Peter Hannes

Vita

Peter Hannes
Peter Hannes

Abbiamo conosciuto  Peter Hannes  per la prima volta nel 1988 come studente di architettura e di urbanistica all'Università di Stoccarda. Attraverso la riuscita riprogettazione di un "parco giochi attivo", assistito da bambini e genitori, era già in grado di raccogliere una preziosa esperienza per le sua successiva attività professionale. 

La sua critica sugli attrezzi da gioco troppo “ banali” lo ha portato a tenere seminari per gli operatori dei centri giovanili su come  costruire le proprie attrezzature per parchi gioco. Dopo questo ha iniziato a progettare i suoi primi giochi "classici" durante i lavori semestrali negli uffici di  Architettura del Paesaggio  fino a quando finalmente ha cominciato a  progettare le proprie strutture ludiche e a realizzarle con l'aiuto degli operai comunali, di genitori e figli.

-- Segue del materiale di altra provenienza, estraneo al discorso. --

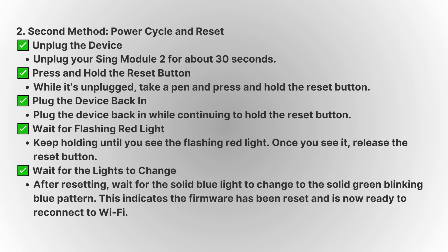Wait for the device to reset and the light to go back to its normal flashing green pattern. This means the firmware has been reset and the module is ready to reconnect to your Wi-Fi network.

Dopo aver completato gli studi, a Peter Hannes è stato offerto un posto di insegnante dal professor Kroner sull’argomento "architettura del gioco" presso l'Università di Stoccarda. Allo stesso tempo, ha fondato il proprio studio di architettura a Esslingen. Gli sono stati commissionati sia piccoli progetti provenienti dalle municipalità locali per progetti di gioco integrati con la possibilità di partecipazione dei cittadini, sia progetti  più grandi, come nel caso dell'Internationale Gartenschau (mostra internazionale di giardino) a Stoccarda, del porto di Losanna e il Bundesgartenschau (Mostra federale dei giardini a Gelsenkirchen. 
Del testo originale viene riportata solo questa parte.